= Aim of the task =
Reproduce only what runs from the line containing "SAND MINE reversible" to the line containing "For Samsung Galaxy" in the records below, inclusive. Keep it exact, and keep the pictures out.

= Given entries =

···

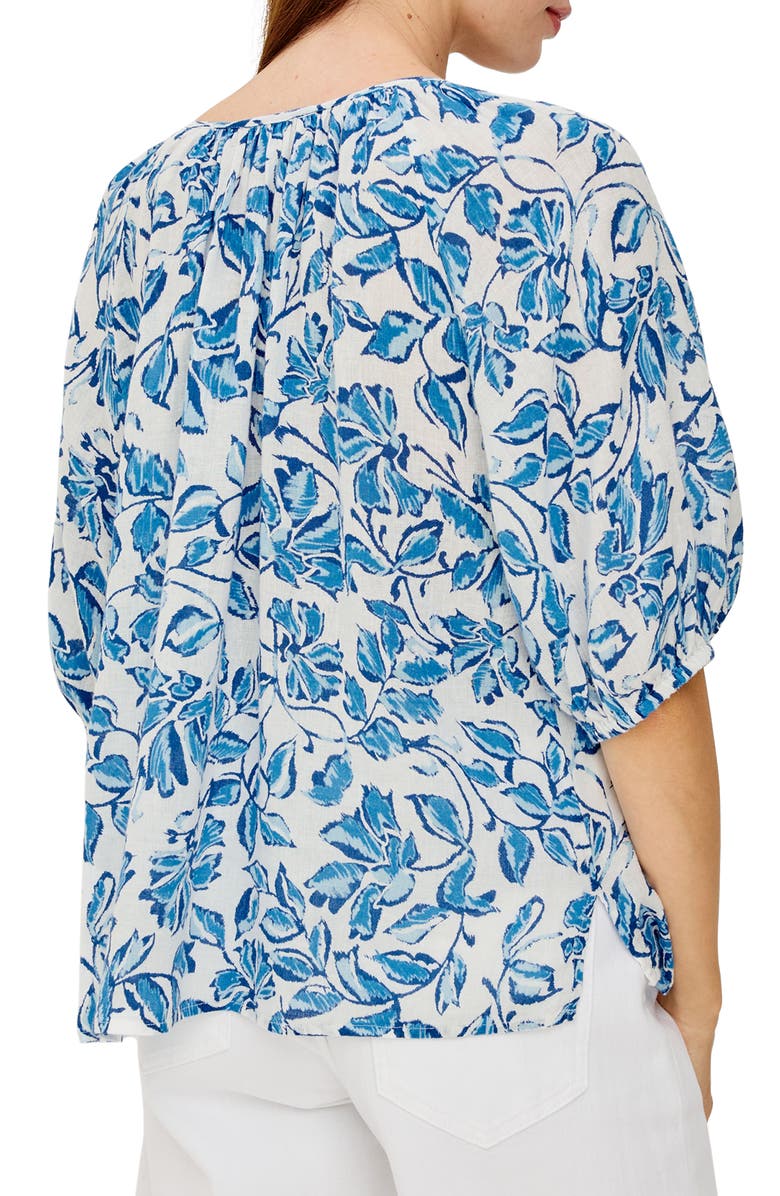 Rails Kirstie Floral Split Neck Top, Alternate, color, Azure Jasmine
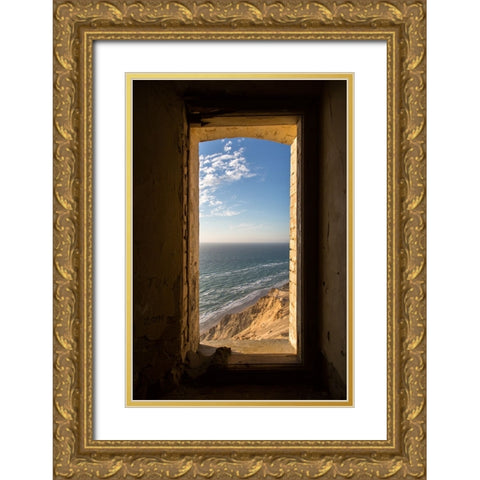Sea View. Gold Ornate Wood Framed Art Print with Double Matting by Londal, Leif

···

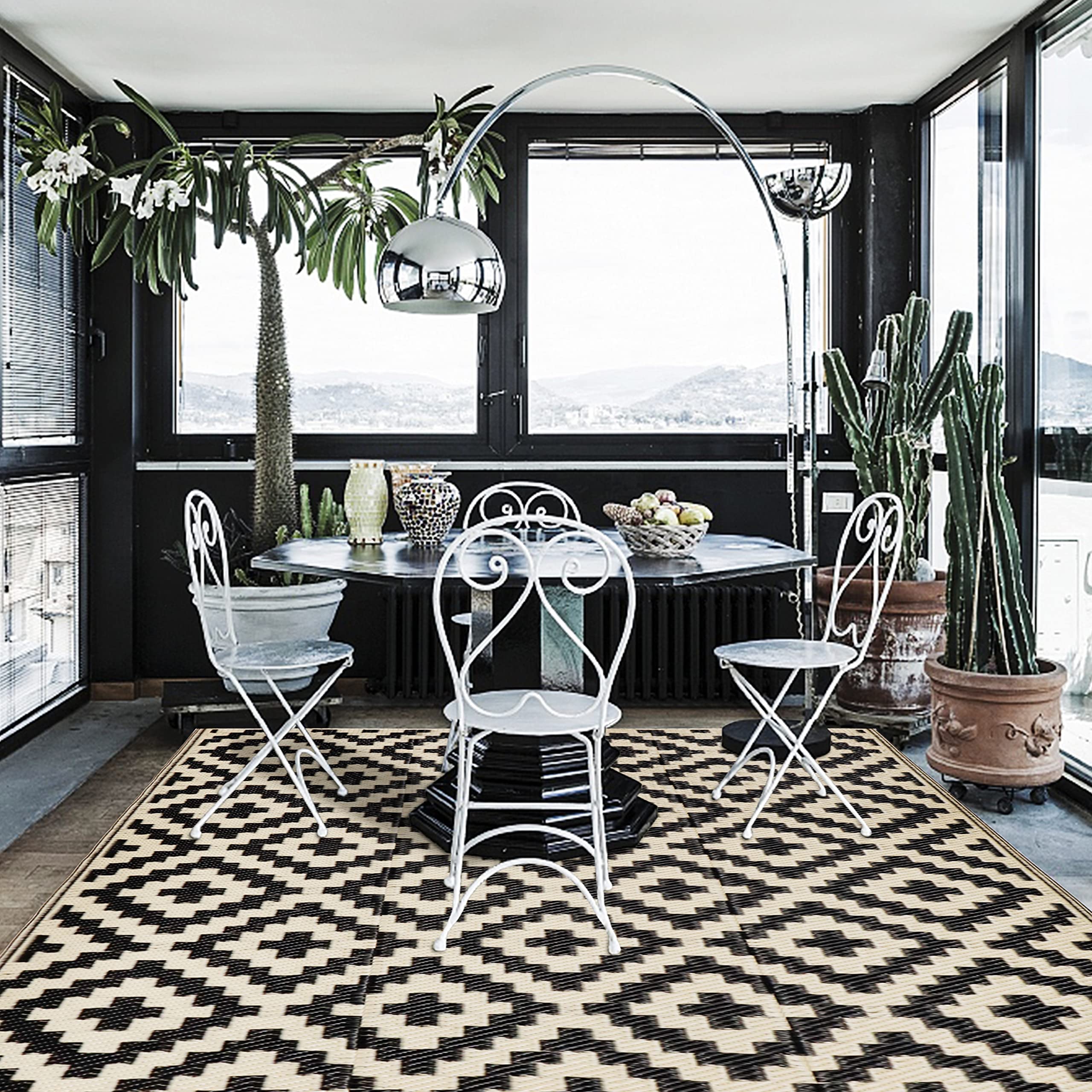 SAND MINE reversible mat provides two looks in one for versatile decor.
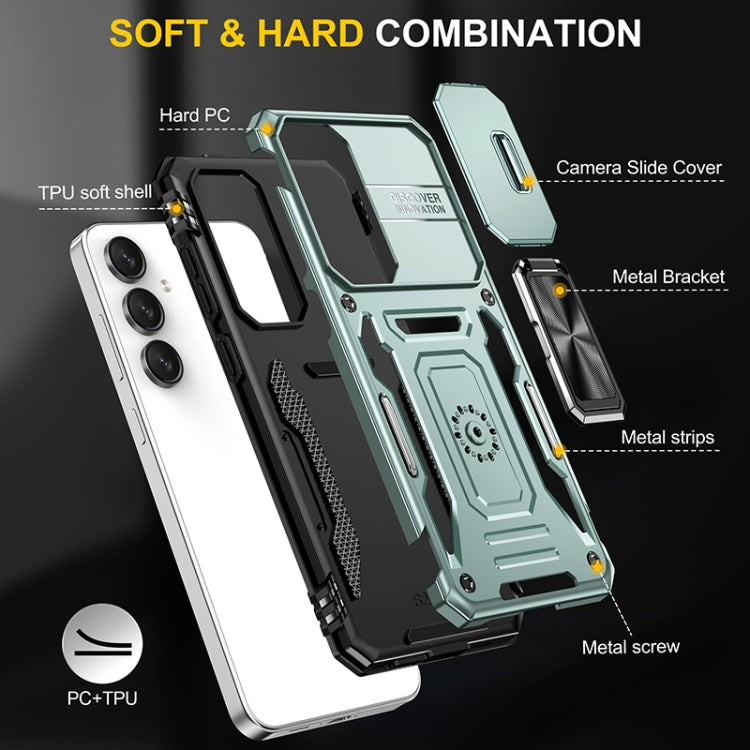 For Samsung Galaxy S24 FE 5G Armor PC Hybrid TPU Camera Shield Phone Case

···

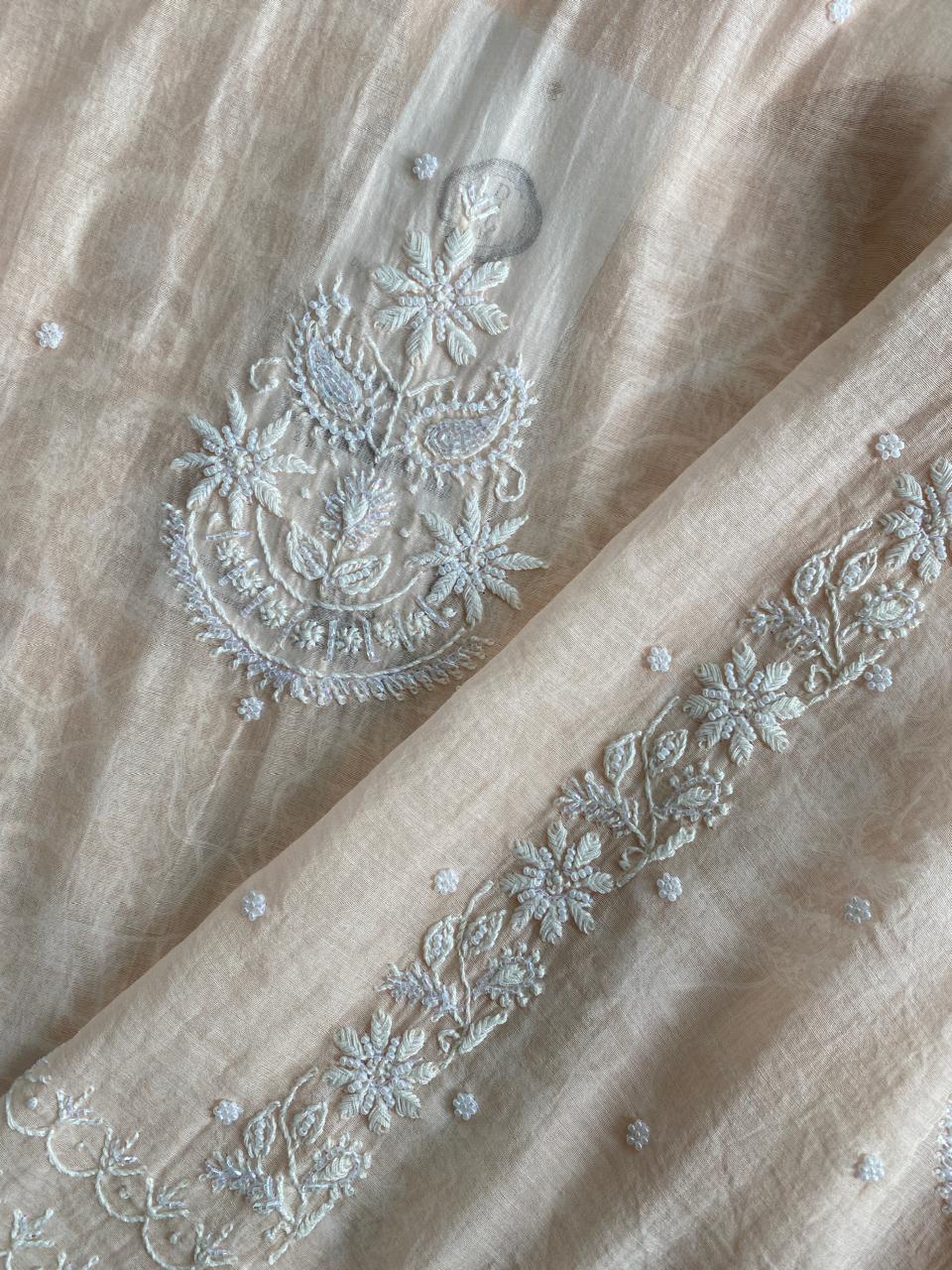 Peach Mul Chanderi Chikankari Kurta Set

···

= Exercise result =
 SAND MINE reversible mat provides two looks in one for versatile decor.
 For Samsung Galaxy S24 FE 5G Armor PC Hybrid TPU Camera Shield Phone Case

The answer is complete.